The increases, which come into effect later this month, while welcome were hardly cause for celebration, said National Seniors spokesman Ian Henschke.
“A single older person reliant on the pension survives on an annual income of around $24,000; a couple around $36,000. We know many people in this situation are struggling."
The increases would not "relieve the extreme poverty faced by some age pensioners - especially women and those who rented".
These two groups were among Australia's poorest people, usually because of circumstances beyond their control, he said.
“More than half a million people rely on the pension as their sole source of income.
"While overall inflation is low, the cost of essentials such as health, housing, transport and energy are increasing rapidly.
“It’s time to take the politics out of the pension. The well-being of older Australians shouldn’t be determined by political whim."
It’s time to take the politics out of the pension. The well-being of older Australians shouldn’t be determined by political whim.
Mr Henschke said while many older Australians owned their own home, around 15 per cent did not. For a variety of reasons some older people had not been able to secure the Australian dream and were forced to seek shelter through the private rental market.
“Unfortunately, that market is often unaffordable. Rental costs have increased significantly over the past 10 years.

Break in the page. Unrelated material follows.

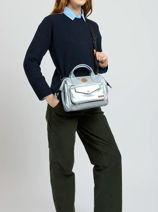 Sac Bandouli�re Crossbody M Cabaia Argent crossbody M-vue-porte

While rents increased 29% over that period, Commonwealth Rent Assistance increased by only 23%. This exposed older people to higher costs, lower living standards and increased risk of homelessness.”

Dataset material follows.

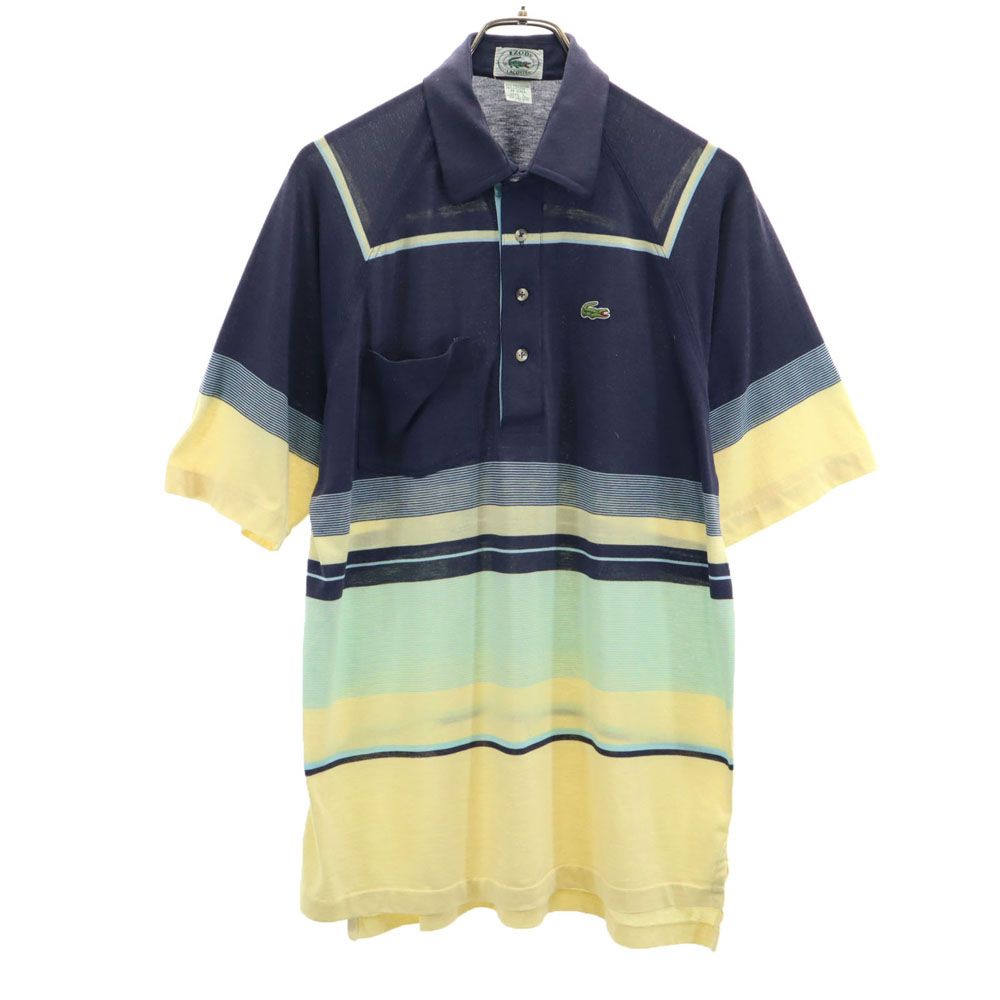 ☆US古着☆【ラコステ ポロシャツ】ボーダー 半袖 メンズ3XL 楽天市場】古着 LACOSTE ラコステ ボーダー柄 半袖 ポロシャツ 6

Mr Henschke said National Seniors was also calling on the government to reinstate the indexation of the energy supplement to assist pensioners and other low-income retirees to pay for escalating energy prices.

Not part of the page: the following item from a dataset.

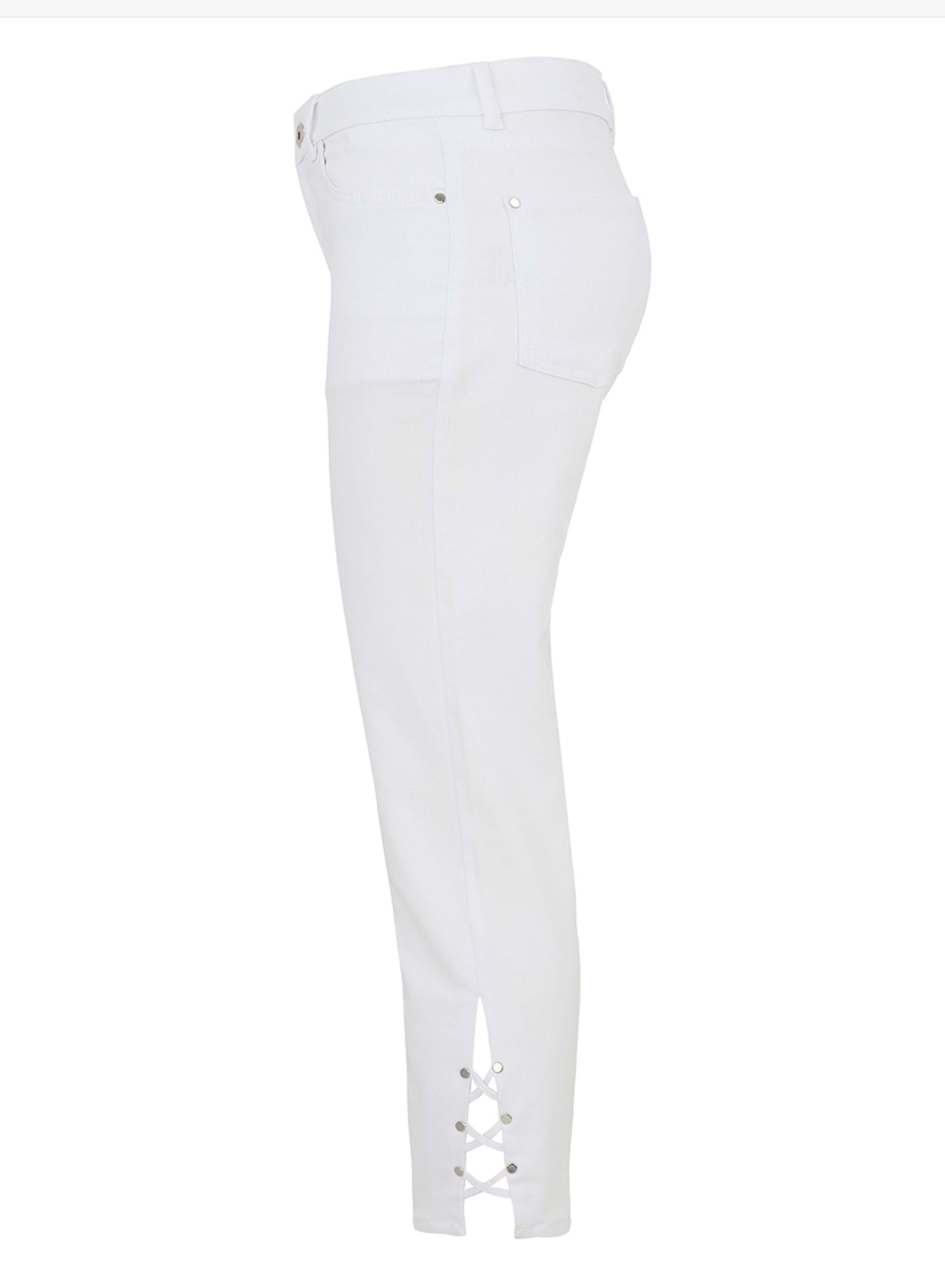 DOLCEZZA CROP TROUSER STYLE 25205 COLOUR AQUA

“Pensioners continue to be the hardest hit by ever-increasing energy prices and this not only impacts their capacity to keep warm in winter and cool in summer, but the capacity to spend on other essentials such as food, clothing and shelter,” Mr Henschke said.
Fix Pension Poverty
National Seniors has joined with the Benevolent Society on its Fix Pension Poverty campaign.
Joel Pringle, advocacy campaigner at Fix Pension Poverty said: "The age pension is indexed with the intention that the base rate keeps up with the cost of living, but it fails in regards to people stuck in private rent.
"They’ve seen rents go up above the age pension over recent years and it’s no accident this has coincided with increased homelessness for many, particularly older women.
Being stuck in private rent is the biggest indicator of poverty for older Australians. If the Government continues to ignore older people stuck in private rent then the age pension will keep failing poverty amongst older Australians.
"Being stuck in private rent is the biggest indicator of poverty for older Australians. If the Government continues to ignore older people stuck in private rent then the age pension will keep failing poverty amongst older Australians."
The increases to the age pension, effective from March 20, bring the payment to $926.20 per fortnight for a single person and $1396.20 for a couple combined, inclusive of pension and energy supplements.
Those older Australians on Newstart and certain other allowances (and younger ones) fared even worse in the latest round of increases.
Single recipients of newstart allowance, widow allowance and sickness allowance will receive an increase of $5.50 a fortnight to $564.50 including energy supplement. Members of a couple will receive an increase of $5.00 a fortnight to $509.60 each, including energy supplement.
The inequality has prompted sharp criticism from the Australian Council of Social Service.
‘’While the pension rose by $4 a week for singles, the Newstart Allowance rose by $2 a week – half as much," said ACOSS senior adviser Dr Peter Davidson.
“Almost half (45 per cent) of people on Newstart are 45 years of age or older, and more than two-thirds have to rely on that payment for more than a year.
“The gap between pensions and allowances keeps growing, yet people on Newstart don’t have lower housing costs, fuel costs, or electricity bills.
“These are some of the reasons ACOSS is calling for an urgent, $75 a week increase in Newstart and other allowance payments for single people."
Announcing the increases Social Services minister Paul Fletcher said "Since this government came into office the age pension has increased by $117.80 per fortnight for single pensioners and by $177.40 per fortnight for couples combined."
Pensions and allowances are adjusted twice a year, in March and September. Pension increases are linked to prices and wages while allowance increases are linked to the Consumer Price Index.
Rent assistance rates also increase from March 20, as well as a range of income and assets limits for pensions and allowances. This includes higher limits to the income and assets tests for age pensioners.